Nord Stream 2, with its scheduled annual supply of 55 bcm, and Turk Stream, which could supply 31.5 bcm of natural gas per year, are core aspects of Gazprom’s diversification strategy away from Ukraine, although the questions over the location of the onshore pipeline have also hampered progress on the latter investment.
Washington Wades In
The United States and Poland are perhaps the largest political barriers to Nord Stream 2 at present. It should come as no surprise that the United States has inserted itself into the debate. Washington has long sought to prop up Eastern European allies like Poland and the Baltic states against Russia on economic, defense and energy issues, but today it wields a more powerful tool to accomplish such goals: the Countering America’s Adversaries Through Sanctions Act. Under the terms of the 2017 act, the White House now argues that it has the authority to sanction any foreign firm that facilitates investment in Russian energy export pipelines, including their construction, modernization, expansion or repair. The argument includes Nord Stream 2 (and presumably Turk Stream). The stance puts Washington firmly in the hawk camp alongside Warsaw and Kiev.

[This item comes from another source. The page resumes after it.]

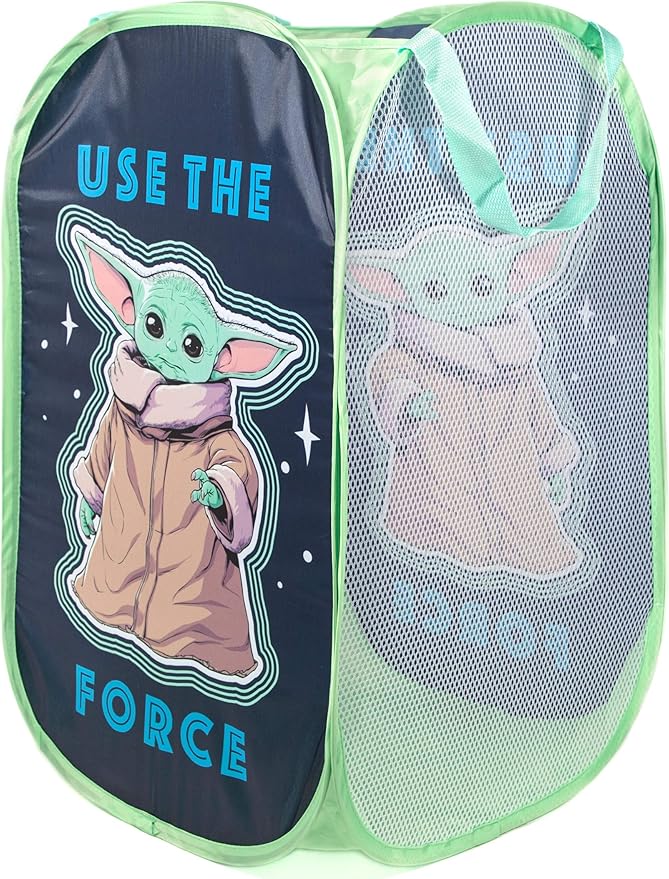 Jay Franco Star Wars The Mandalorian The Child Pop Up Hamper - Mesh Laundry Basket/Bag with Durable Handles - Features Baby Yoda Grogu (Official Star Wars Product)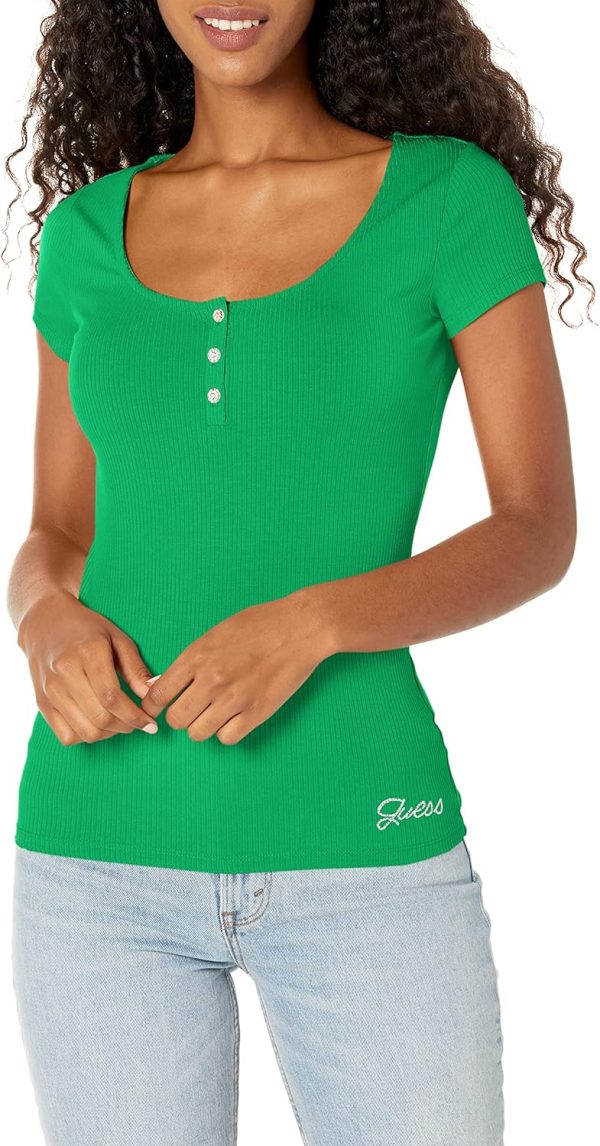 GUESS Womens Short Sleeve Karlee Jewel Button Henley guess womens short sleeve karlee jewel button henley top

Poland has also worked hard to place legal strictures on Nord Stream 2. In 2016, Poland’s antitrust regulators forced Gazprom’s European partners to withdraw from the consortium constructing Nord Stream 2 on the grounds that doing so would grant Gazprom too much control over the Polish natural gas market. In response, the five European companies involved decided to finance just 50 percent of the pipeline, but the Polish regulator has now argued that even this reduced stake may violate the country’s antitrust rules. As a result, the body opened another antitrust investigation against the five firms on May 10 in the hopes of drying up Nord Stream 2’s financing even further.
Berlin’s best hope of seeing Nord Stream 2 through to fruition is to exert more diplomatic pressure in Moscow to provide concessions that will assuage the worries of the naysayers.
Confronted by the powerful threats from Washington and Warsaw, as well as the anger in Kiev, Berlin has softened its position, arguing now that Ukraine must receive guarantees that it is a transit state. In this, Berlin’s best hope of seeing Nord Stream 2 through to fruition is to exert more diplomatic pressure in Moscow to provide concessions that will assuage the worries of the naysayers.
But no perfect compromise solution exists on the political front. The United States, Poland and Ukraine all argue that even long-term guarantees are useless, since no measures can prevent Russia from abusing its position of power even if alternative pipelines are constructed. Such intransigence puts Germany in an awkward position as it considers how to approach the present U.S. administration. Because Washington has tied Nord Stream 2’s future to any potential trade deal with the European Union, Germany appears to have little choice but to scale back its support for the pipeline and ease the worries of its allies near and far. In so doing, Berlin might decide that the battle it wishes to pick with Washington doesn’t revolve around an energy pipeline.